Source data:
-.-.-

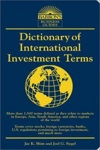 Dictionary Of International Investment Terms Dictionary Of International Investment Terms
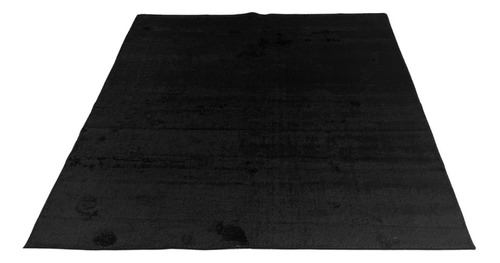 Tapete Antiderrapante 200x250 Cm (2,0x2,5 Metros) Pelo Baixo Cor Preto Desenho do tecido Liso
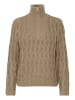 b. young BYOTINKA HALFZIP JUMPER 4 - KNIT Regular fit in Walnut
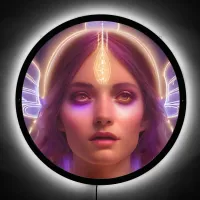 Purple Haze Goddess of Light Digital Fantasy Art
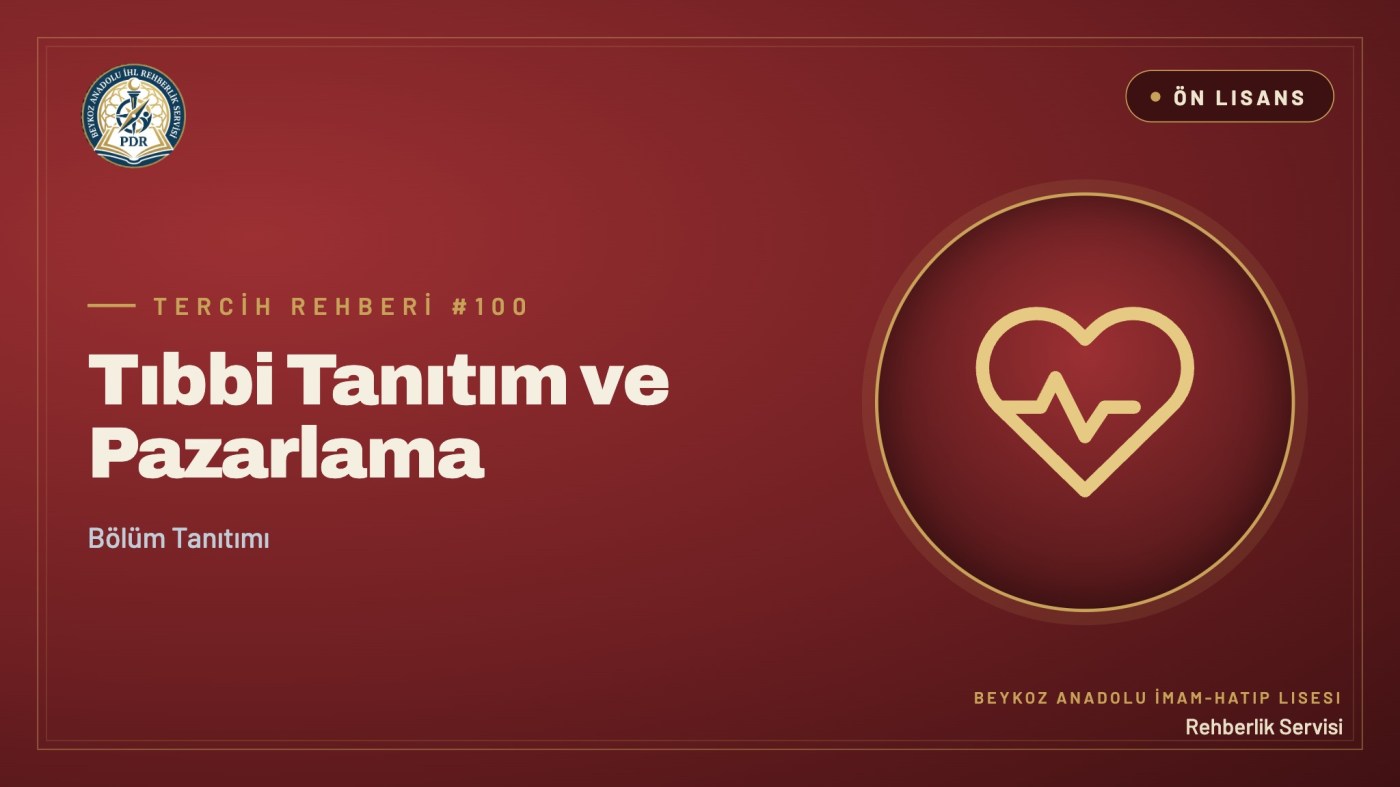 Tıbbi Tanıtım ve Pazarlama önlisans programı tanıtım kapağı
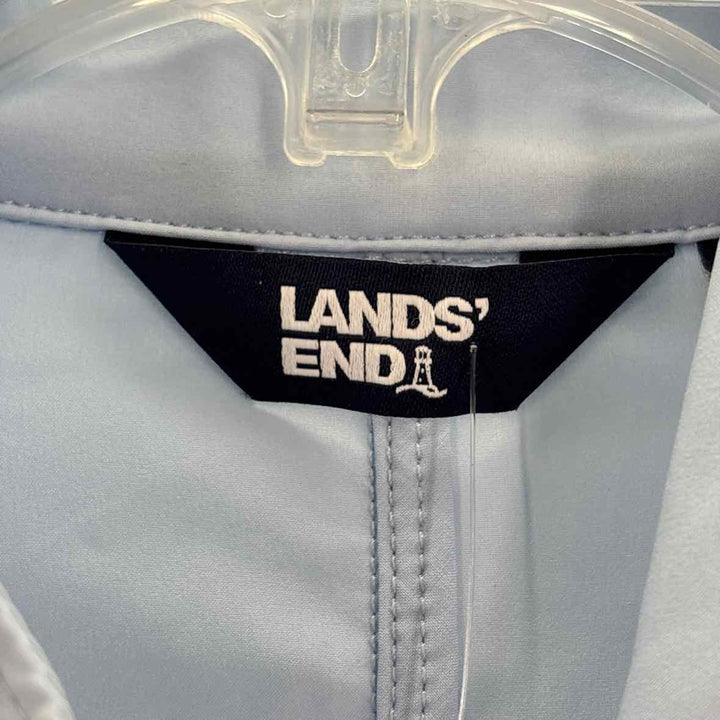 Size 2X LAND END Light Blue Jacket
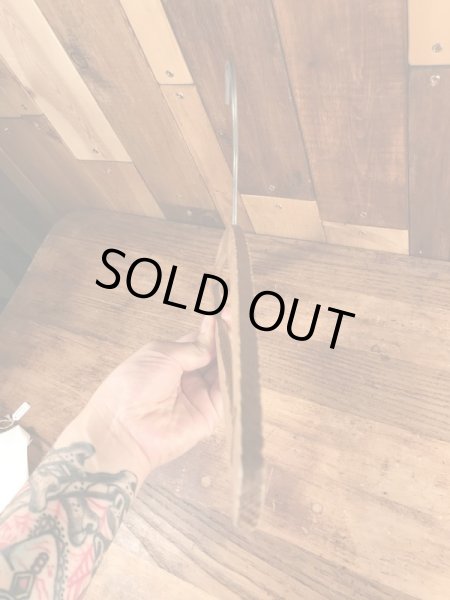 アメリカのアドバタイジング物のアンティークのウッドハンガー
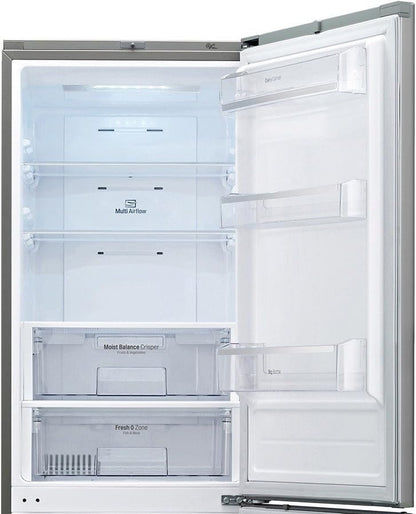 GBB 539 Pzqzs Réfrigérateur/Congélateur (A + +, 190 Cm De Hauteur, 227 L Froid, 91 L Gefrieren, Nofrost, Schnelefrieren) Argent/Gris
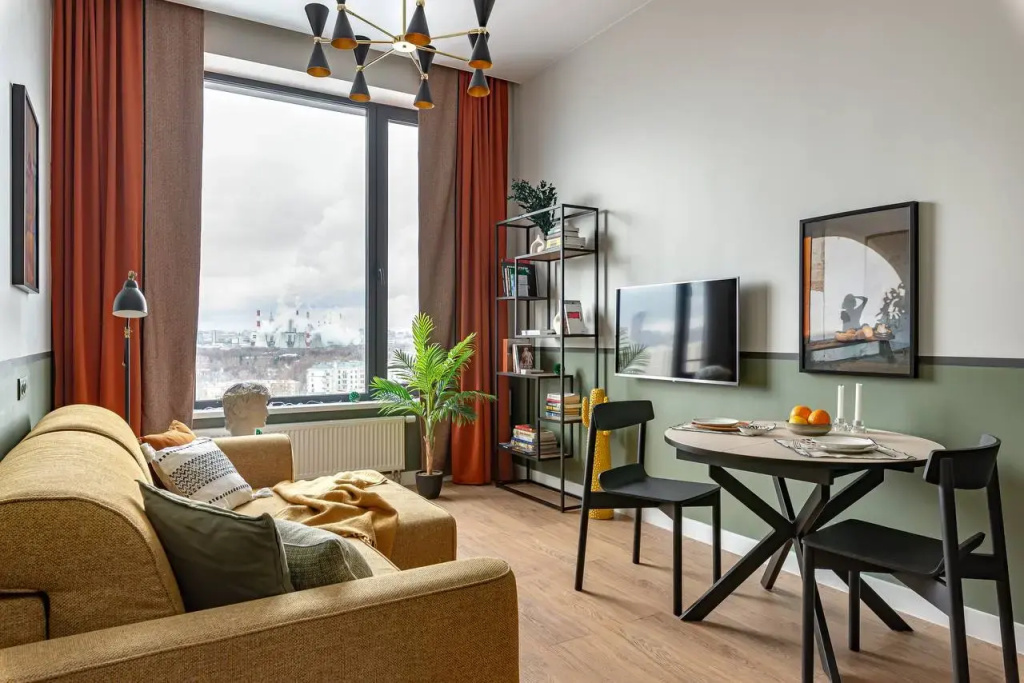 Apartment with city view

-.-.-

▶ [TASK DIRECTIONS]
When you copy the data, keep every line exact and leave out each picture.

▶ [COMPLETED TASK]
 Dictionary Of International Investment Terms Dictionary Of International Investment Terms
 Tapete Antiderrapante 200x250 Cm (2,0x2,5 Metros) Pelo Baixo Cor Preto Desenho do tecido Liso
 b. young BYOTINKA HALFZIP JUMPER 4 - KNIT Regular fit in Walnut
 Purple Haze Goddess of Light Digital Fantasy Art
 Tıbbi Tanıtım ve Pazarlama önlisans programı tanıtım kapağı
 Size 2X LAND END Light Blue Jacket
 アメリカのアドバタイジング物のアンティークのウッドハンガー
 GBB 539 Pzqzs Réfrigérateur/Congélateur (A + +, 190 Cm De Hauteur, 227 L Froid, 91 L Gefrieren, Nofrost, Schnelefrieren) Argent/Gris
 Apartment with city view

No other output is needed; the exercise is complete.